Task description
Of the lines below, write out exactly those from the line with "炒股的杠杆什么意思 伊朗议会议长：已关注到物价上涨问题，会努力解决" through the line with "LV Louis Vuitton", both included, and skip the rest.

Given entries
[Start of Attachment]

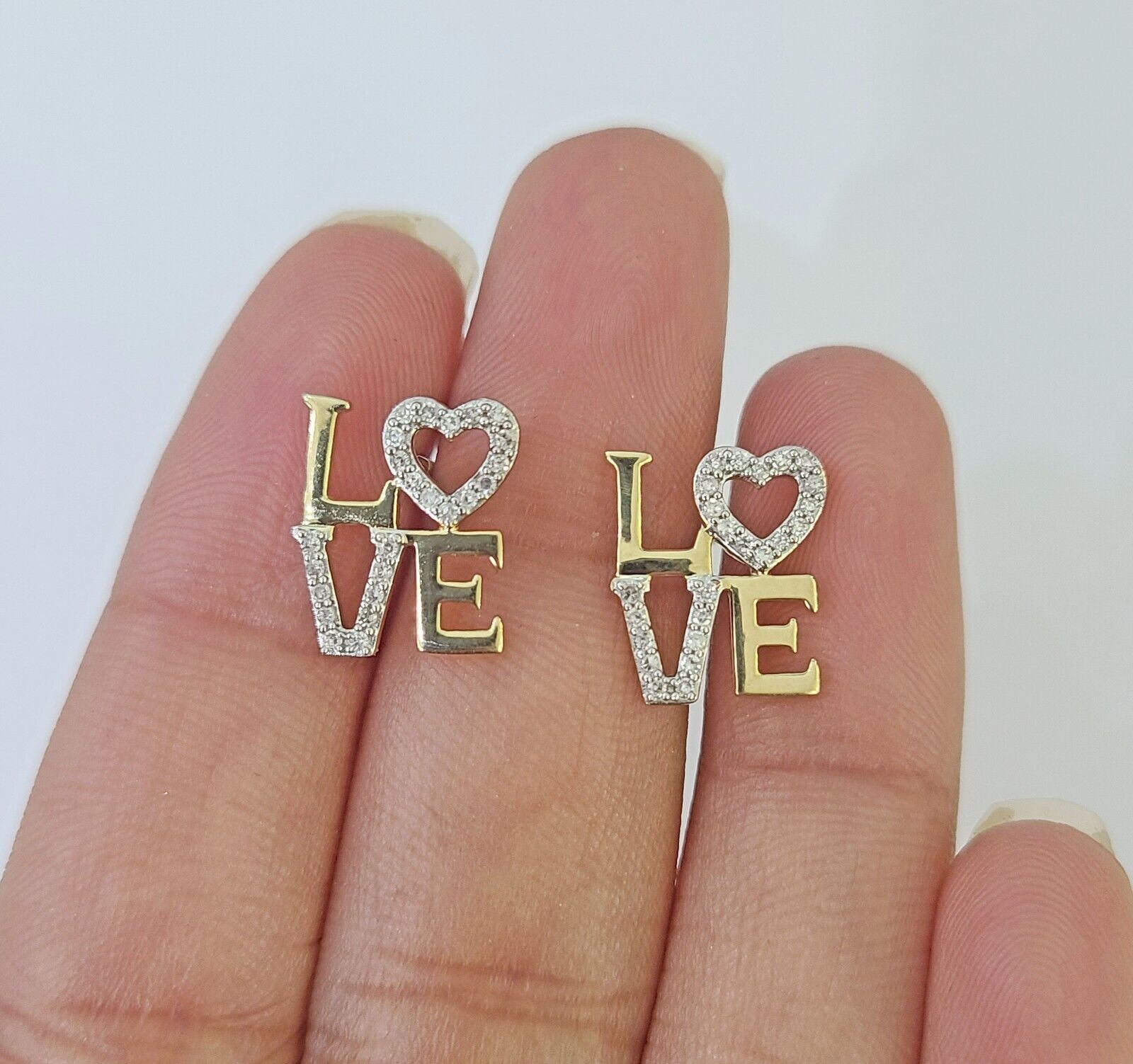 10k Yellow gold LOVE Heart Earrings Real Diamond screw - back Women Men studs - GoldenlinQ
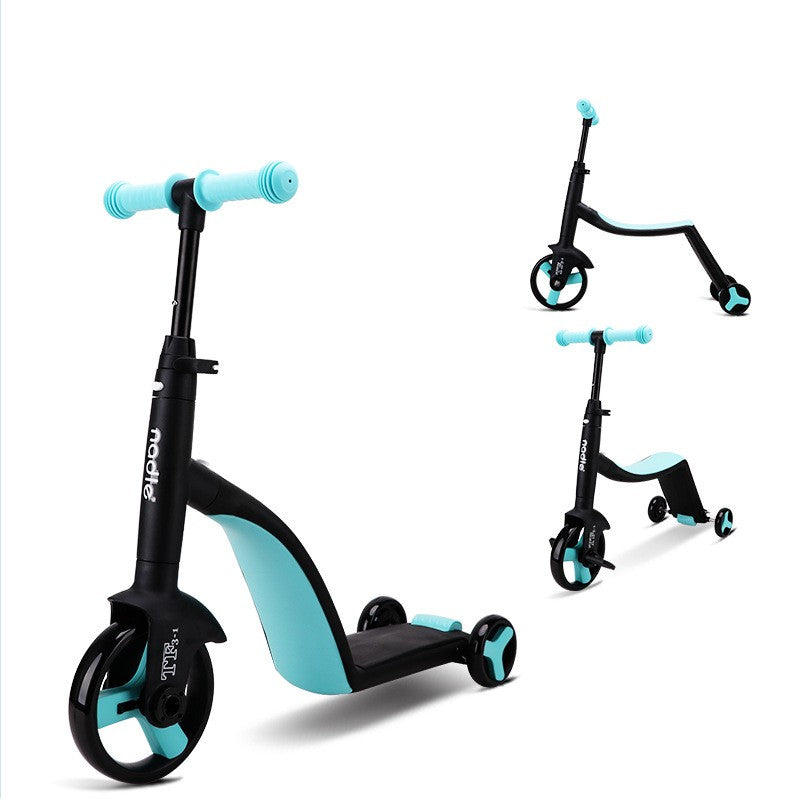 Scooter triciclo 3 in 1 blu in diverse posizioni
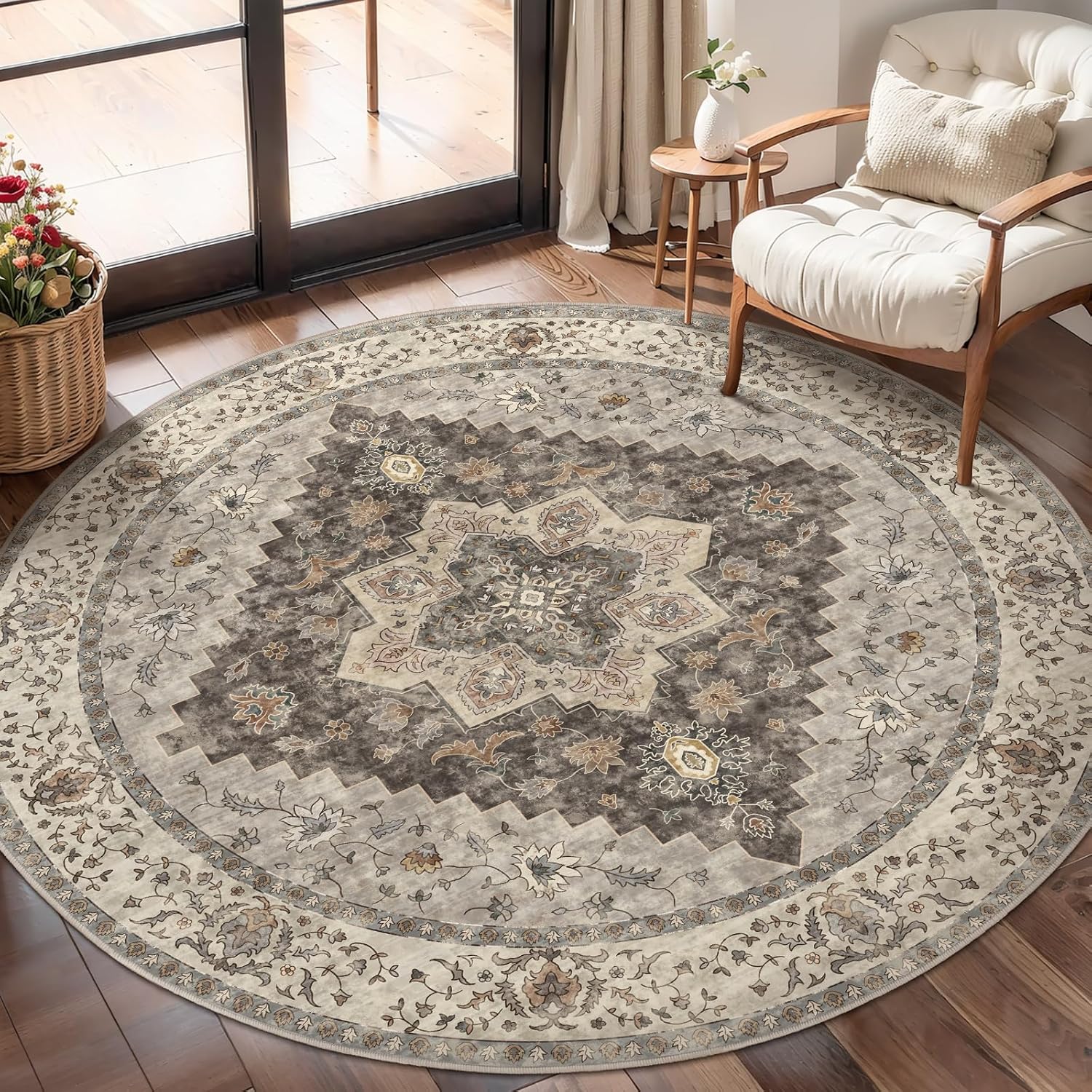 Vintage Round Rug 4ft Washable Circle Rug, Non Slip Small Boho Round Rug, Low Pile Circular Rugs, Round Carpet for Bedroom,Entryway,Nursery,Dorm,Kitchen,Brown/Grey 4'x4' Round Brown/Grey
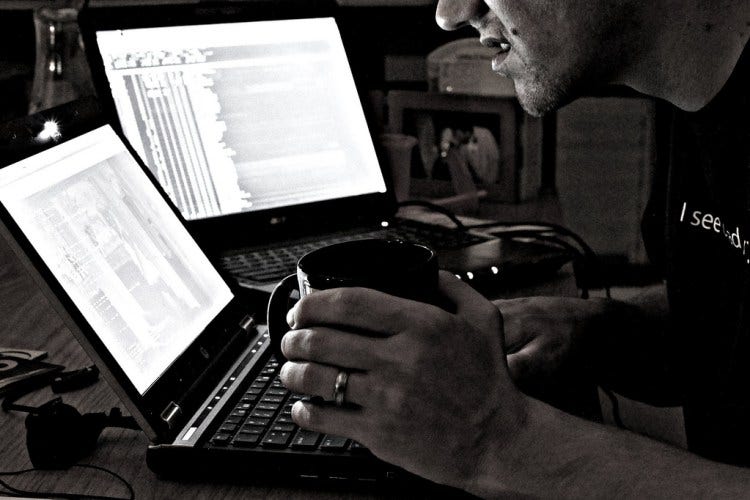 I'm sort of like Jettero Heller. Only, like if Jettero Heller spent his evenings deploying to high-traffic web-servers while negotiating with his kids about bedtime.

[End of Attachment]
[Start of Attachment]

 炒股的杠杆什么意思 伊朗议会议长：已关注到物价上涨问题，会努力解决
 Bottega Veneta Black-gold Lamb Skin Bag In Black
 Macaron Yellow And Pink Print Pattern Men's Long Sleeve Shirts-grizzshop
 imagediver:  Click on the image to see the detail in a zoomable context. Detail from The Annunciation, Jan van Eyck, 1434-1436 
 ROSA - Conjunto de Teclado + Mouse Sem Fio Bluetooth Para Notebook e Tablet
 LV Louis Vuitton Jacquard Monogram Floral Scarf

[End of Attachment]

Worked solution
 炒股的杠杆什么意思 伊朗议会议长：已关注到物价上涨问题，会努力解决
 Bottega Veneta Black-gold Lamb Skin Bag In Black
 Macaron Yellow And Pink Print Pattern Men's Long Sleeve Shirts-grizzshop
 imagediver:  Click on the image to see the detail in a zoomable context. Detail from The Annunciation, Jan van Eyck, 1434-1436 
 ROSA - Conjunto de Teclado + Mouse Sem Fio Bluetooth Para Notebook e Tablet
 LV Louis Vuitton Jacquard Monogram Floral Scarf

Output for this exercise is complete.